The judging panel since the 14th season consists of guest judges only with Klum being the only permanent judge.

Criticism and controversies 

Since Season 5, the show's ratings decreased. In an attempt to increase the ratings, the format is increasingly focusing on conflicts between contestants.

In 2009, German model Julia Stegner said that Germany's Next Top Model had "little to do with the reality of modelling."

In 2011, season 5 winner Alisar Ailabouni withdrew from her contract with ONEeins Management (which is managed by Heidi Klum's father Günther), which she received as part of her prize page for winning the competition. This was the first time a winner of the show sued her way out of a prize contract. Ailabouni was not invited to Season 6's live finale, while several ProSieben-related magazines referred to Season 4 winner Sara Nuru as "last year's winner", given she was working as a backstage host. Since then, a number of other contestants have withdrawn from their contracts with ONEeins, including Viktoria Lantratova and Miriam Höller (both Season 5), Jana Beller (Season 6 winner), Luise Will (Season 8) and Aminata Sanogo (Season 9).

In 2012, former judge Rolf Scheider criticized the program, saying, "The show has never produced a new Nadja Auermann or Claudia Schiffer", and that girls who "lack modelling talent" are selected purely for ratings. Regardless of this, he appeared on the fifth cycle of Austria's Next Top Model as a judge.

In 2013, Klum was criticized by German comedian Cordula Stratmann, who branded Klum "the face and soul of a cold-hearted, disgusting production" and "the trainer in malice and condescension."

In May 2013, during the live finale of Season 8, Klum was attacked by two topless Femen activists, Zana Ramadani and Hellen Langhorst, who flashed her.

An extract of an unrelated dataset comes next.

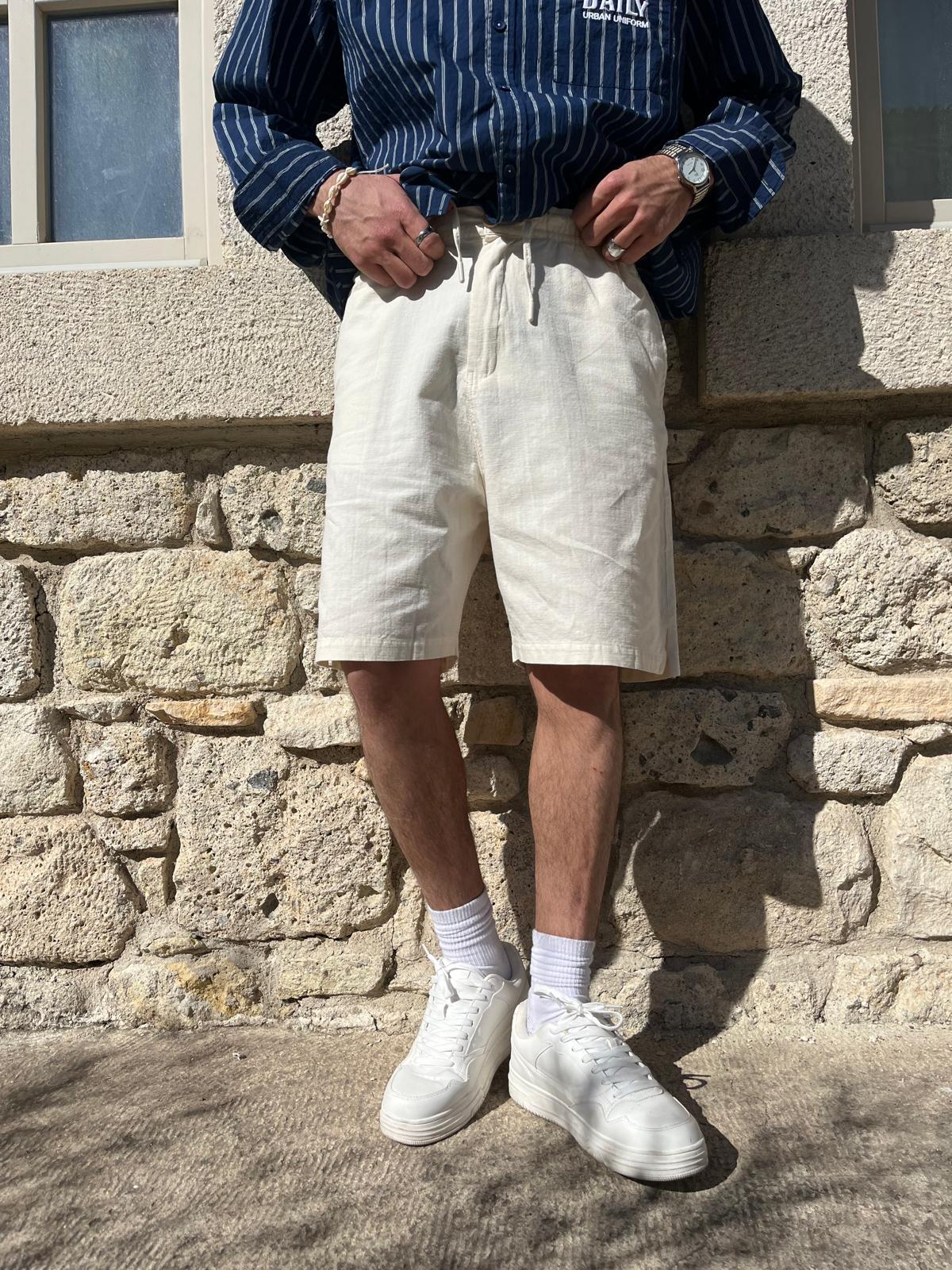 Beige Linen Shorts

In April 2014, Miriam Höller, from Season 5 said in an interview that contestants are poorly treated on the show; for example, they are not given enough food or their mobile phones are taken away. She also said that Klum was "extremely cold", and criticized the cooperation with Günther Klum. She also mentioned that a client who had worked with her before the show wanted to book her but ONEeins said Höller was busy, even though she wasn't busy at that time. The client was offered to book Sara Nuru instead of Höller.

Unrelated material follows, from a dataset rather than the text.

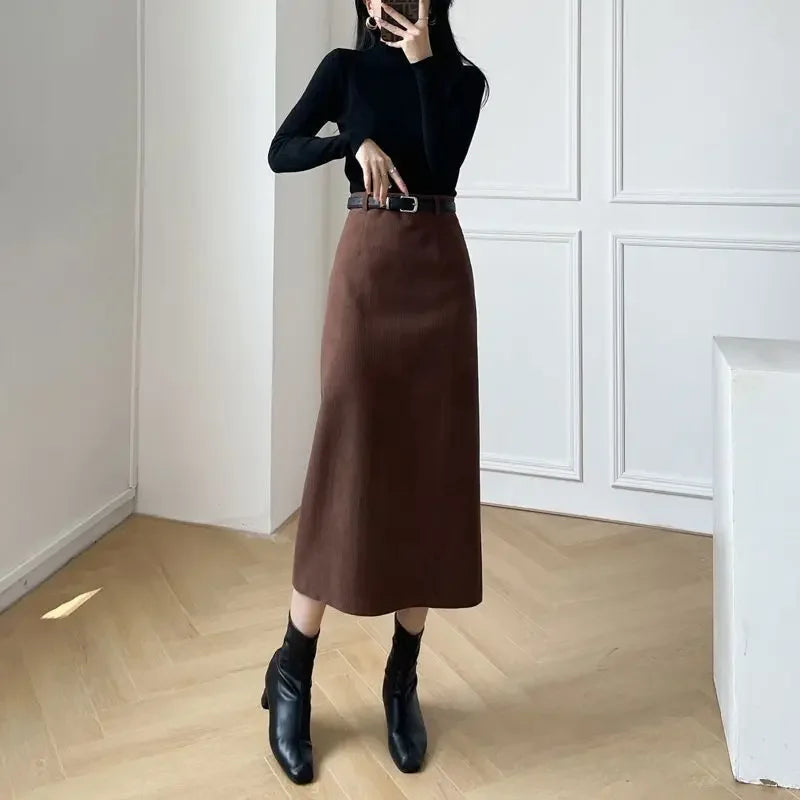 New Arrival Women's Corduroy Skirt Medium-Length A- Line High-Waisted Slimming Straight Skirt With Side Slit For Autumn/Winter RT220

In April 2014, German model Eva Padberg said that the show was just entertainment and not the reality of model business. She also expressed her hopes for participating girls to know this.

In May 2015, psychiatrist Manfred Lütz said according to a study "GNTM" promoted anorexia. Also, in that time, "Germany's Next Topmodel" was checked by the German Commission for the Protection of Minors in the Media (Kommission für Jugendmedienschutz). Since the first Season, the show is subject of repeated checks by the commission.

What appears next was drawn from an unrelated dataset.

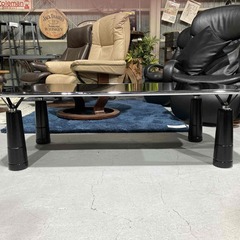 E19★センターテーブル★ローテーブル スクエア W120cm ブラック モダン スタイリッシュ シック ガラス調天板の画像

In September 2015, former judge Wolfgang Joop criticized the show as well, stating he didn't want to be part of that anymore since "The viewers expect things that the fashion expert does not. Namely, contestants collapsing, getting homesick, crying and falling on their heels. These are stories that do not interest us in the fashion world."

In 2017 in Episode 9 of Season 12 the contestants had a photo shoot on a bed with male models wearing lingerie. The photo shoot took place in the streets of Los Angeles and caused a car accident and Heidi Klum made fun of that accident. The audience and several media criticized Heidi Klum and the show for that.

In May 2017 the finale of Season 12 aired and Heidi Klum was heavily criticized by the media and audience for her performance. For example, Süddeutsche Zeitung said, that the only winner of the show after 12 Seasons is just Heidi Klum and not the participants. They criticized that it does not matter who is winning the show, because it is only about promotion, the showmanship of Heidi Klum herself and about showing a pestilent body image. Among other things, Heidi Klum had sung by means of Playback and was criticized for the quality of this performance by Spiegel Online. In addition to that, the Season 12 finale had very low ratings.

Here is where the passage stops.